Former South Korean President Park Geun-hye arriving in court in Seoul last month. She was impeached on corruption charges in March. Credit Kim Hong-Ji/Reuters
SEOUL, South Korea — North Korea issued standing orders on Wednesday for the “miserable dog’s death” execution of South Korea’s imprisoned former president and her spy chief, and improbably demanded that its southern adversary extradite them.
The execution orders, which the North said could be carried out anytime, anywhere and by any means, amounted to an assassination decree against the imprisoned former president, Park Geun-hye, and Lee Byung-ho, who was director of the National Intelligence Service under Ms. Park.
Conveyed in a statement issued via North Korea’s official news agency, the execution orders came nearly two months after the isolated, nuclear-armed country accused the South Korean intelligence service of conspiring with the C.I.A. to assassinate the North Korean leader, Kim Jong-un, using biochemical poisons.
“We declare at home and abroad that we will impose death penalty on traitor Park Geun-hye and Mr. Lee,” said the statement from the North’s Ministry of State Security, Ministry of People’s Security and Central Public Prosecutors Office. The statement said the pair’s crime was “hideous state-sponsored terrorism.”
Ms. Park and Mr. Lee “can never make any appeal even though they meet a miserable dog’s death anytime, at any place and by whatever methods from this moment,” the statement said.
There was no immediate response from Ms. Park, who has been incarcerated since she was forced out on corruption charges in March, or from the National Intelligence Service. But the South Korea spy agency has denied trying to assassinate Mr. Kim.
North Korea said Ms. Park had endorsed an “operation to replace the supreme leadership of the North” since late 2015. It said the plot involved Mr. Kim’s assassination, which it said South Korean agents had planned to disguise as a “car or train accident.” But the plot was eventually abandoned after Ms. Park was impeached in a corruption scandal, North Korea said.
The statement provided no further details of the supposed plot. But on Monday, the Japanese newspaper Asahi, quoting anonymous sources, reported that Ms. Park had approved a plan for the National Intelligence Service to overturn Mr. Kim’s government in 2015.
The spy agency has called the report groundless.
Ms. Park’s truncated term in office was punctuated by a spike in tension with North Korea, which had once tried to assassinate her father when he was the dictator of South Korea nearly a half-century ago.

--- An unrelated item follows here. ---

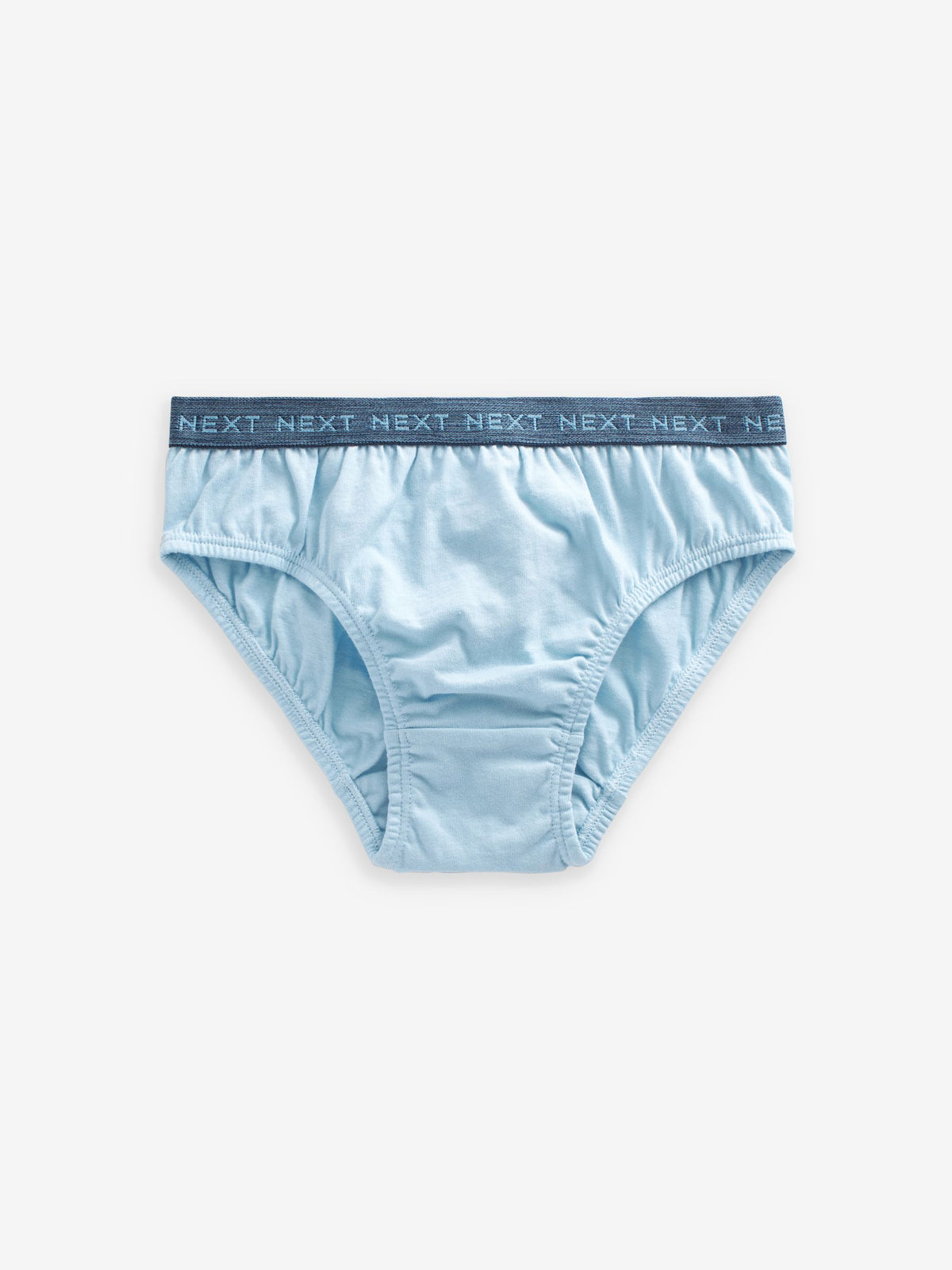 Blue Jacquard waistband 100% Cotton Briefs 5 Pack (1.5-16yrs)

Mr. Kim has accelerated the North’s nuclear weapons program with a torrent of bomb and ballistic missile tests, threatening South Korea and the United States with a “nuclear sword of justice.”
Ms. Park was an advocate of tough sanctions against the North while it fulminated, calling her a “snake” and a “prostitute.”
Mr. Kim, grandson of North Korea’s founder, Kim Il-sung, runs an autocracy especially sensitive to any hint of threat to its leader. North Korea is widely believed to have been responsible for the brazen hacking of Sony Pictures in 2014 as retaliation for “The Interview,” a fictional American film centered around a plot to assassinate Mr. Kim. Although North Korea is known to have tried to assassinate South Korean leaders at least twice, it is highly unusual for the North to claim to be a victim of a South Korean plot.